==== Information supplied
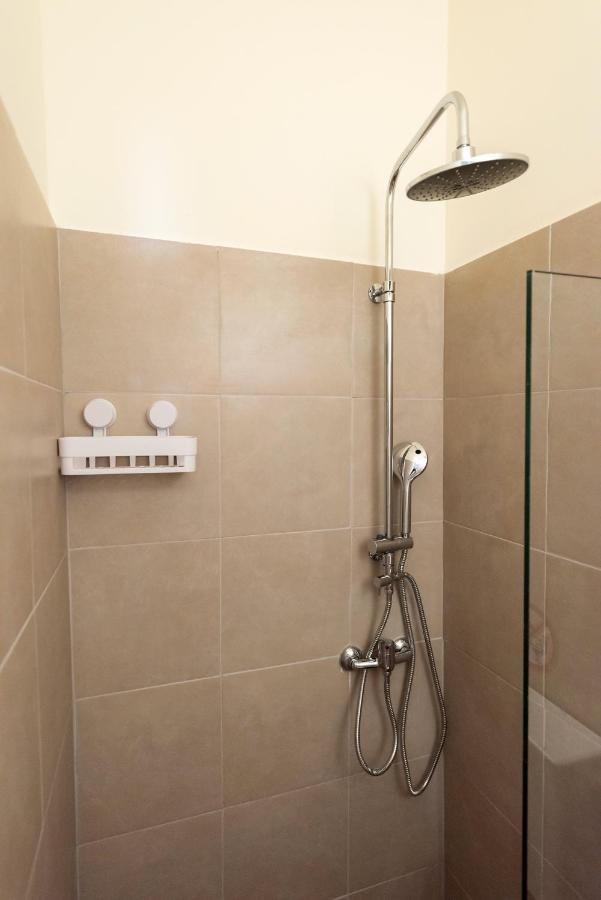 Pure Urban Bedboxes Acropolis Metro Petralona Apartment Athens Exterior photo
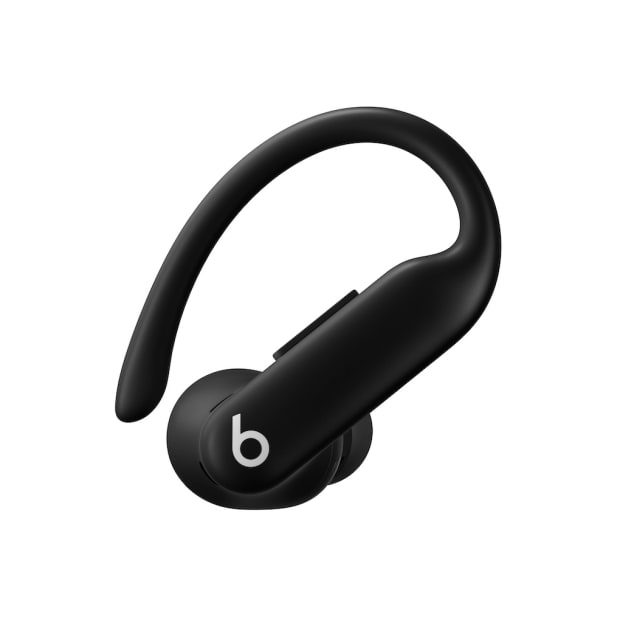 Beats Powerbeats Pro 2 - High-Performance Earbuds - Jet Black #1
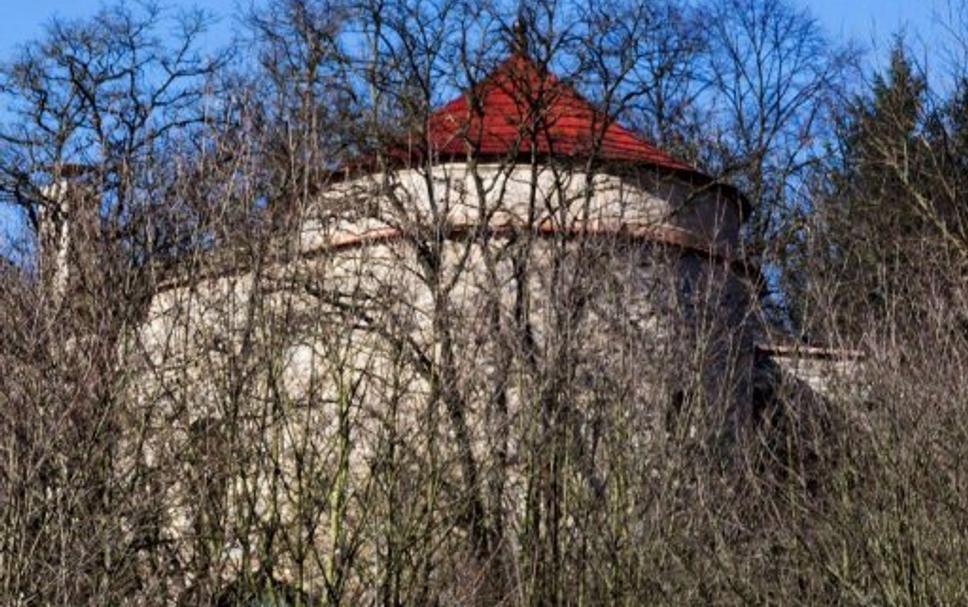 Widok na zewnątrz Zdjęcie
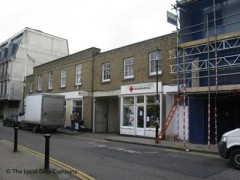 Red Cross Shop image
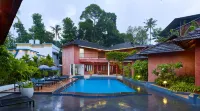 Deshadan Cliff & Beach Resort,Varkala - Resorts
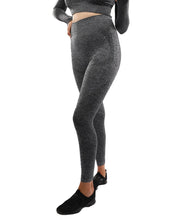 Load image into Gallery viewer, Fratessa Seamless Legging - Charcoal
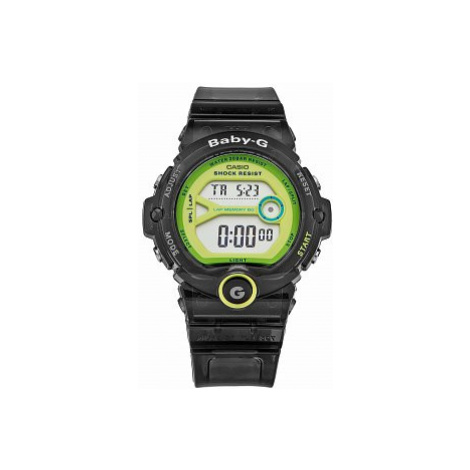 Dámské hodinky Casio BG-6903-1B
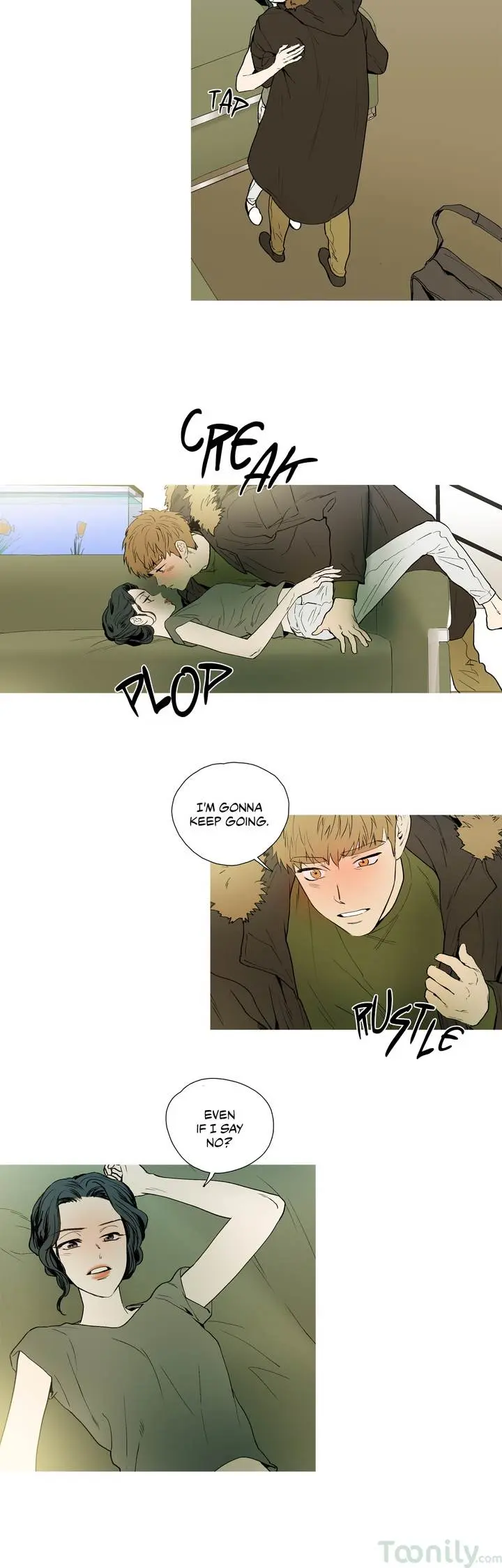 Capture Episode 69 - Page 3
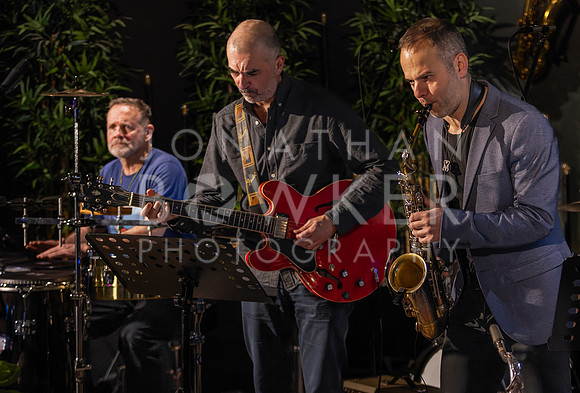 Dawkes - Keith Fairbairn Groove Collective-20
========
==== Information supplied
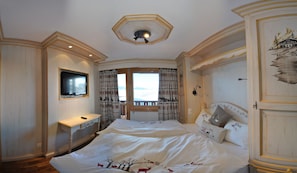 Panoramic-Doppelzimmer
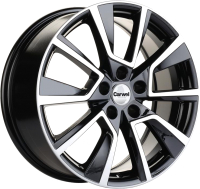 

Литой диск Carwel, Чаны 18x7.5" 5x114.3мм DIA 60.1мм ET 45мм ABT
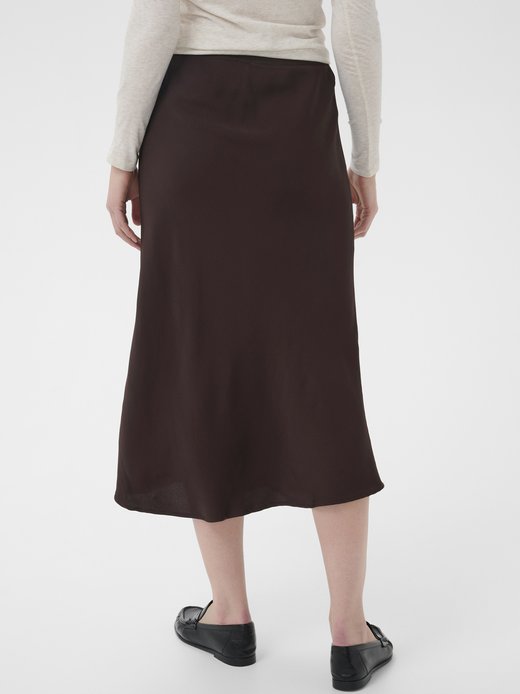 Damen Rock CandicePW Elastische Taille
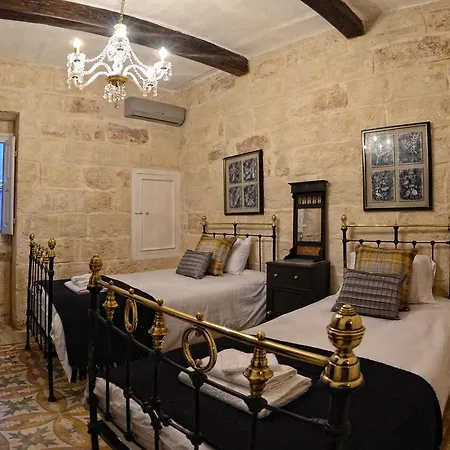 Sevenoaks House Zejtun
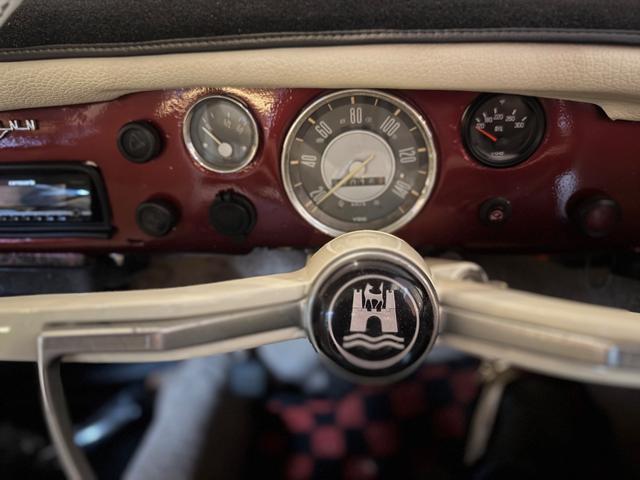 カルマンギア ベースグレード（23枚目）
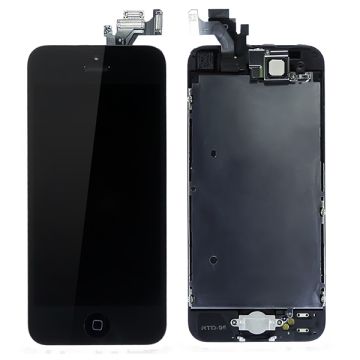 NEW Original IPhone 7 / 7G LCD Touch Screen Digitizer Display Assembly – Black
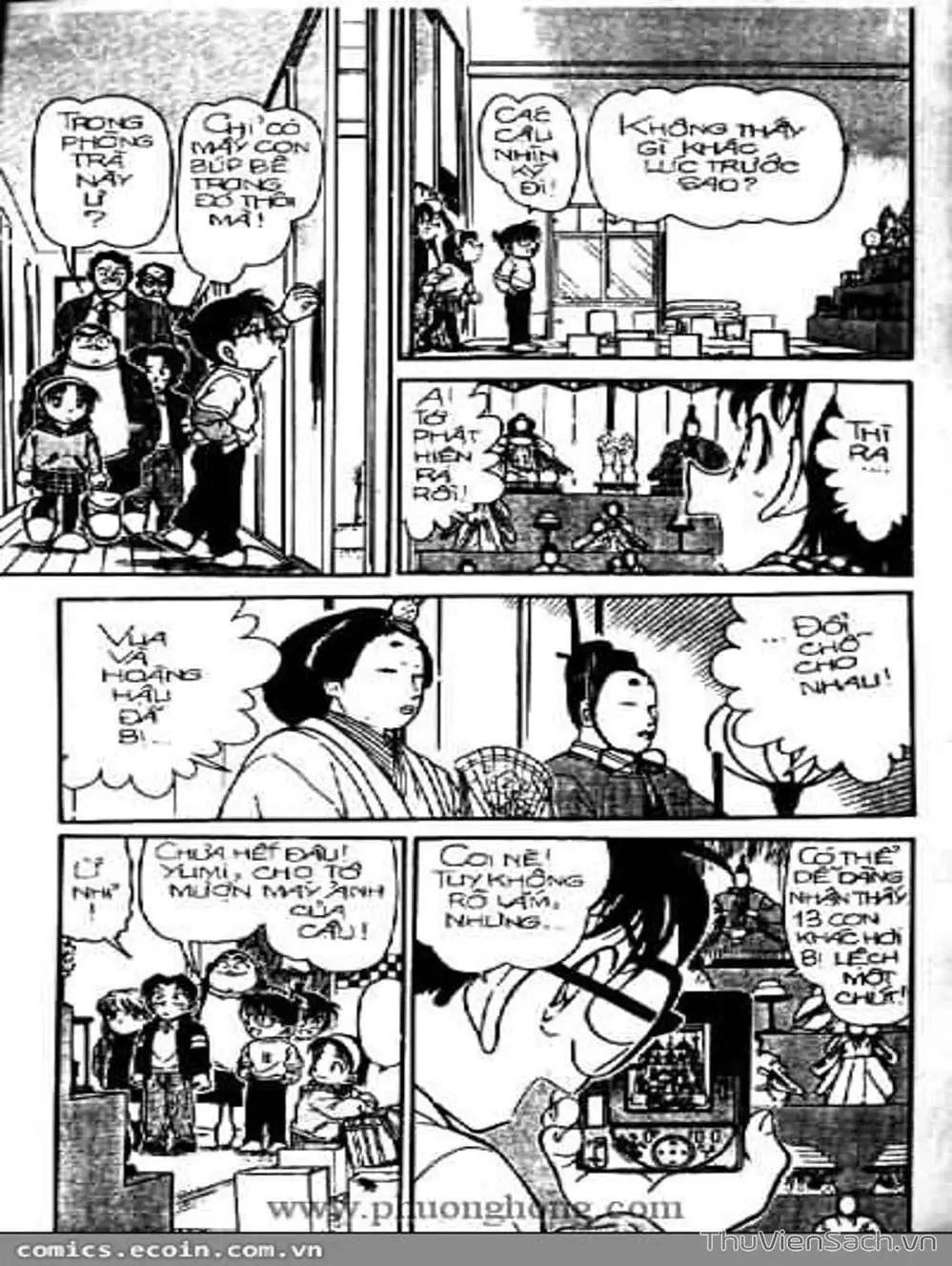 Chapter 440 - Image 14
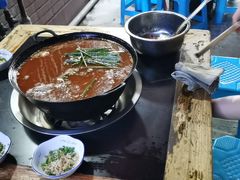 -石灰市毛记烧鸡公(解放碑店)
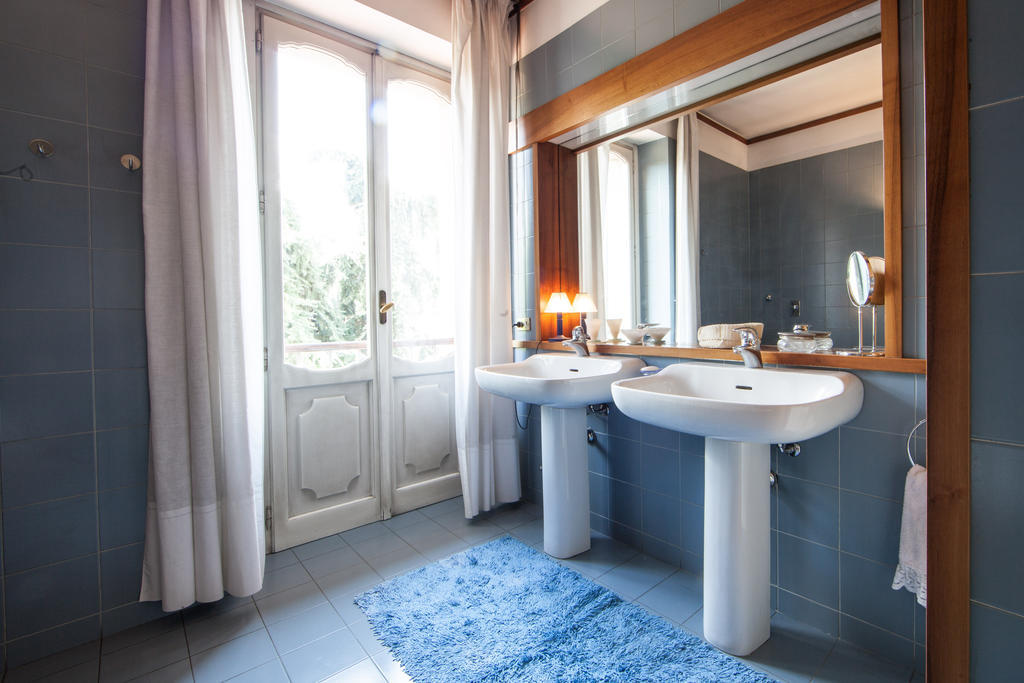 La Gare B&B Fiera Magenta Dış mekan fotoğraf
========
==== Information supplied
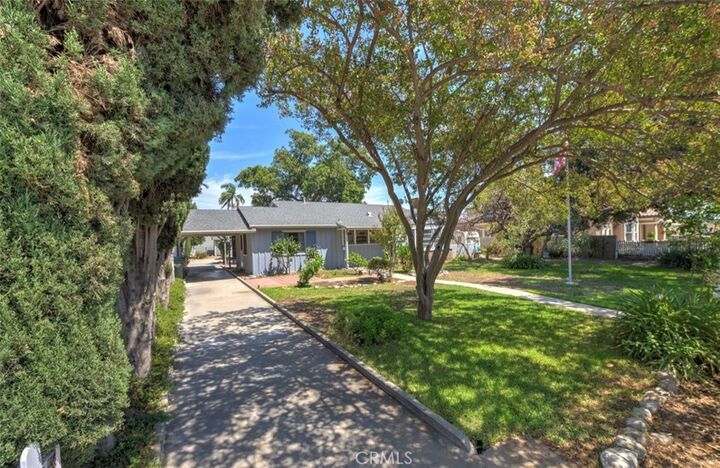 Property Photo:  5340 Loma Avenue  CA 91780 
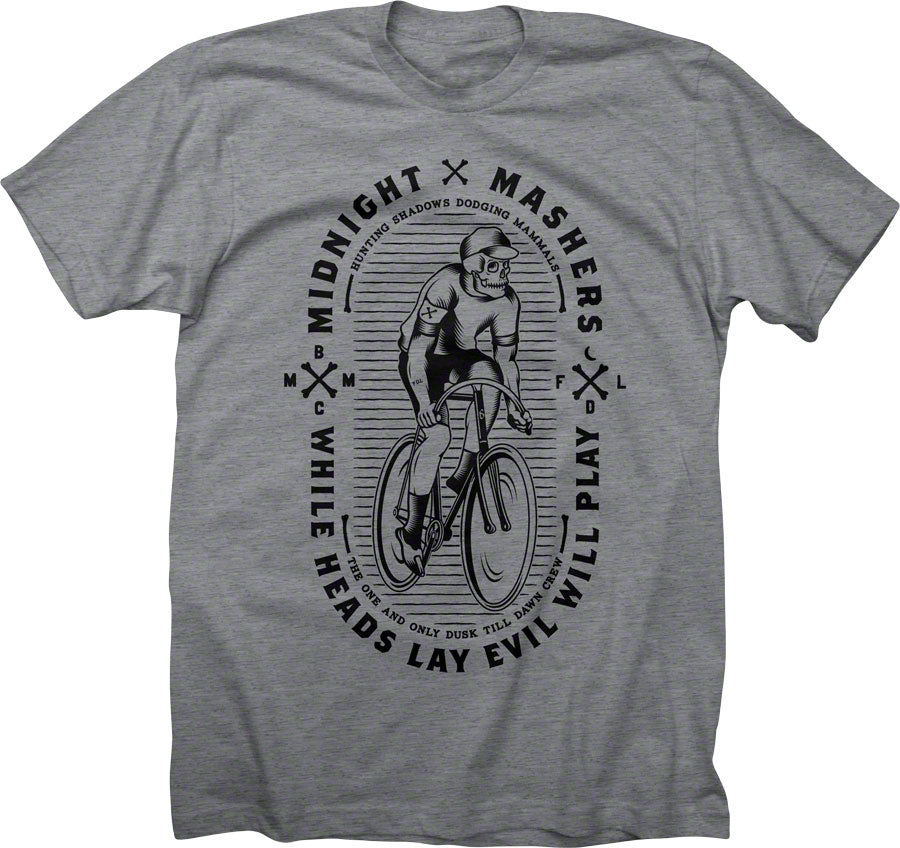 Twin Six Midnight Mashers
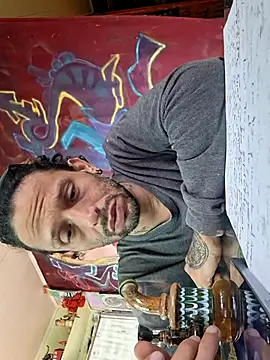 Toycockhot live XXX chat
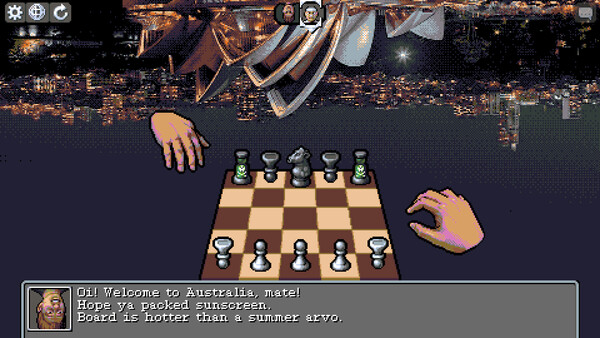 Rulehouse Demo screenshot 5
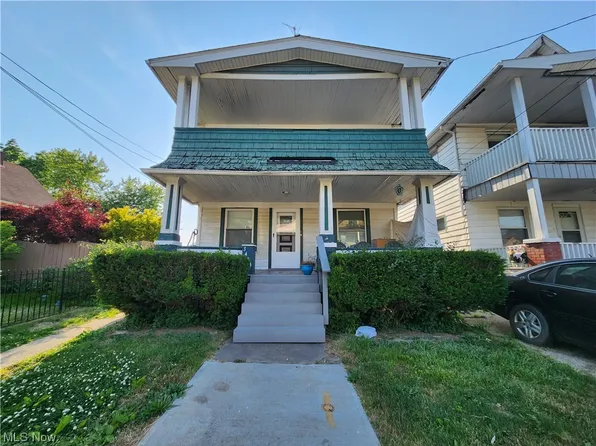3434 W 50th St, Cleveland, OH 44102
========
> What the task asks: Above are the records. Copy word for word only their lines from the one holding "Pure Urban Bedboxes" through the one holding "Deshadan Cliff &", both included, and skip the images.

> Final answer:
 Pure Urban Bedboxes Acropolis Metro Petralona Apartment Athens Exterior photo
 Beats Powerbeats Pro 2 - High-Performance Earbuds - Jet Black #1
 Widok na zewnątrz Zdjęcie
 Red Cross Shop image
 Deshadan Cliff & Beach Resort,Varkala - Resorts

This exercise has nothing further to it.